## Task statement
Could you please retype exactly the lines from the start of the records below through the line that contains "If the backpack's", both included, and leave out the pictures?

*** The data Section Begins ***

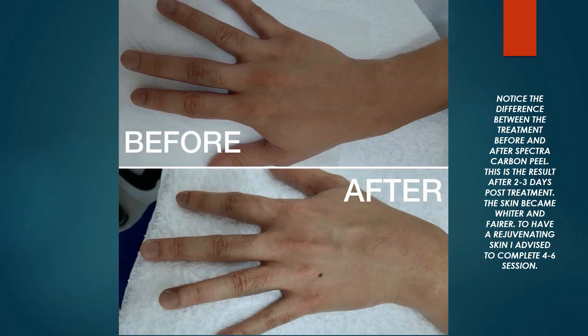Notice the difference between before and after the Spectra Carbon Peel. This is the result after 2-3 days post-treatment — the skin becomes lighter and fairer. To have rejuvenating skin, I advise completing 4-6 sessions.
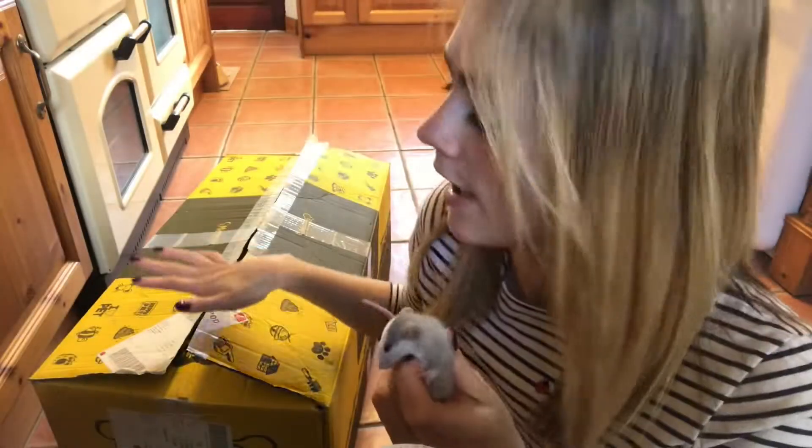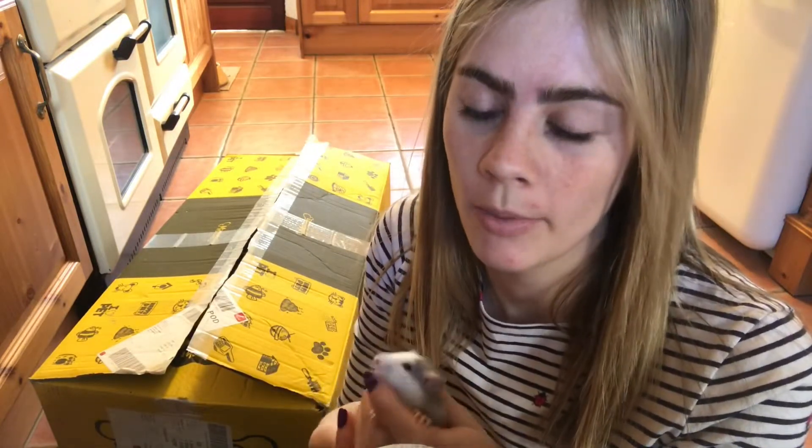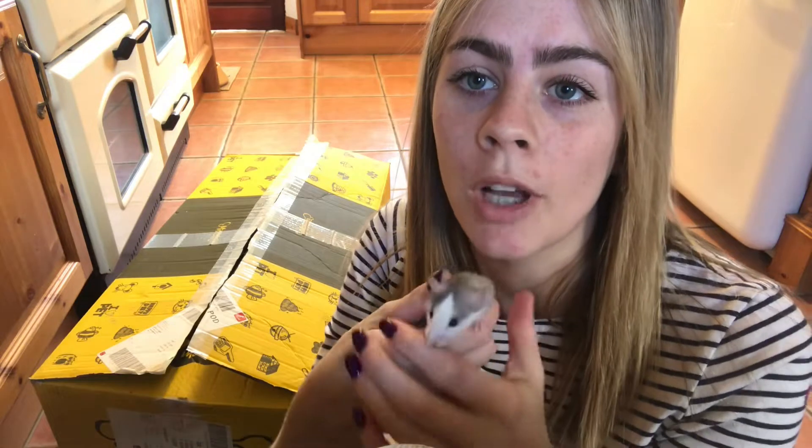I did actually order this as a spare parrot cage, but I just thought as a temporary little cage for a couple of weeks — so if I get this one tame, it will do the job.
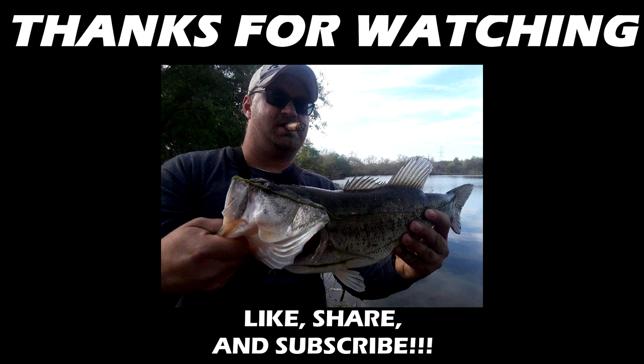If the backpack's yours, let me know. Otherwise, thanks for watching — see you next time.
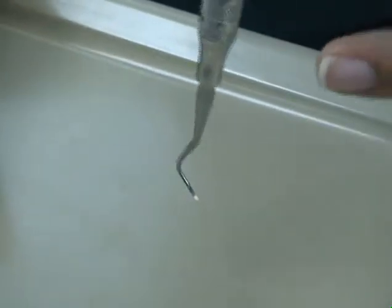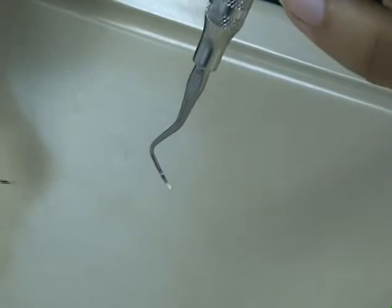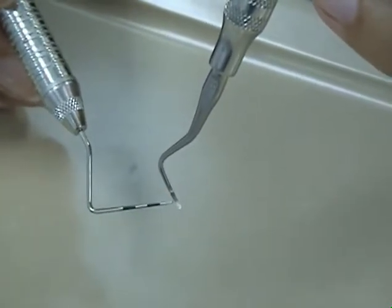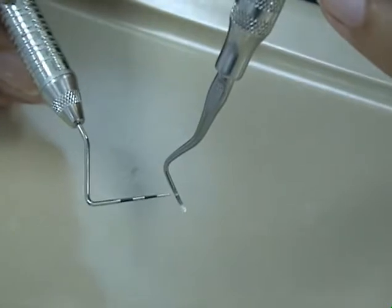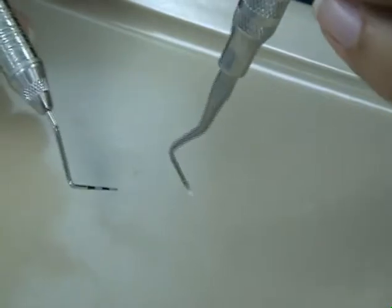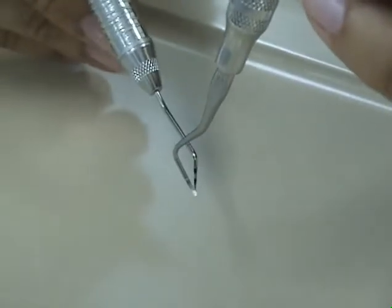The face of the curette is divided into three sections: the toe or lower third, the middle third, and the heel or upper third. The universal curette has two edges: an inner cutting edge and an outer cutting edge.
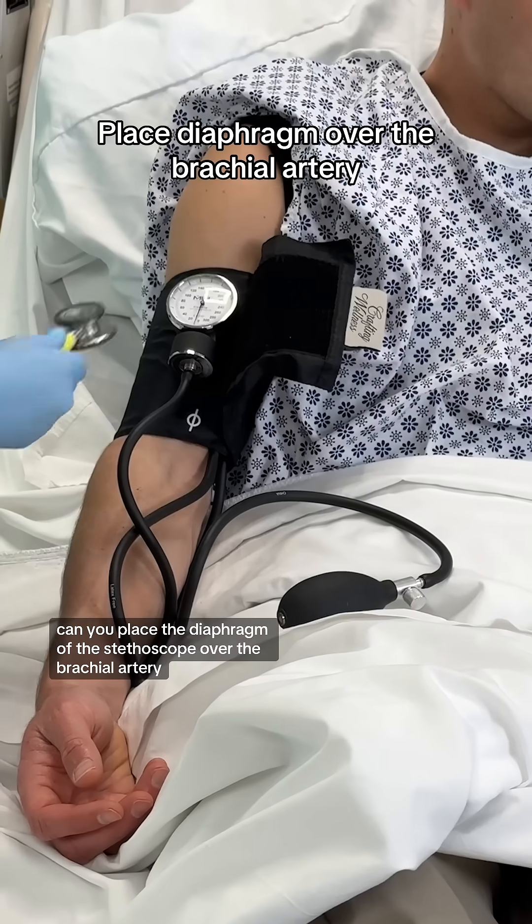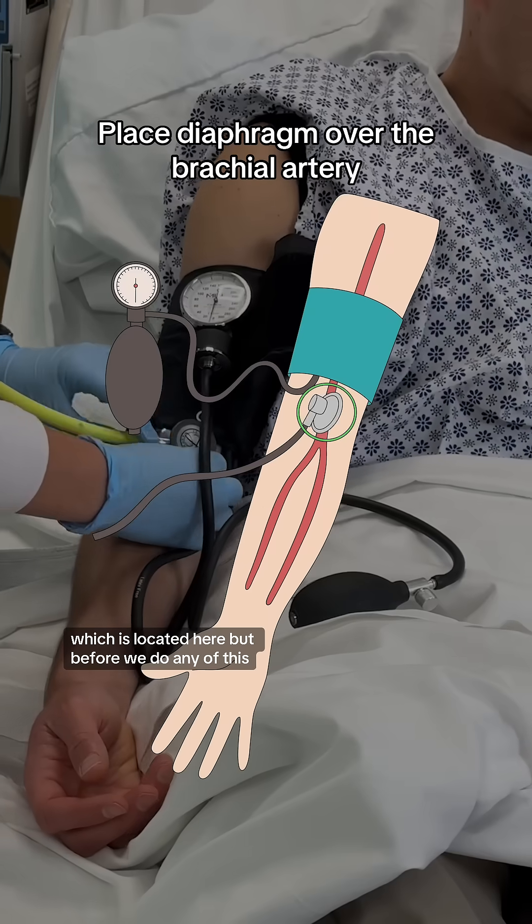Then you place the diaphragm of the stethoscope over the brachial artery, which is located here.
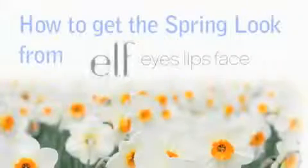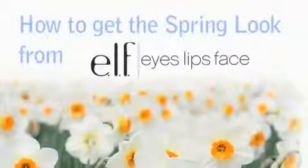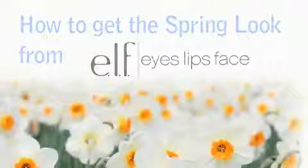In this video, you'll learn how to create a great and easy spring look that can take you from day to night.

*** The data Section Ends ***

## Exercise response
Notice the difference between before and after the Spectra Carbon Peel. This is the result after 2-3 days post-treatment — the skin becomes lighter and fairer. To have rejuvenating skin, I advise completing 4-6 sessions.
I did actually order this as a spare parrot cage, but I just thought as a temporary little cage for a couple of weeks — so if I get this one tame, it will do the job.
If the backpack's yours, let me know. Otherwise, thanks for watching — see you next time.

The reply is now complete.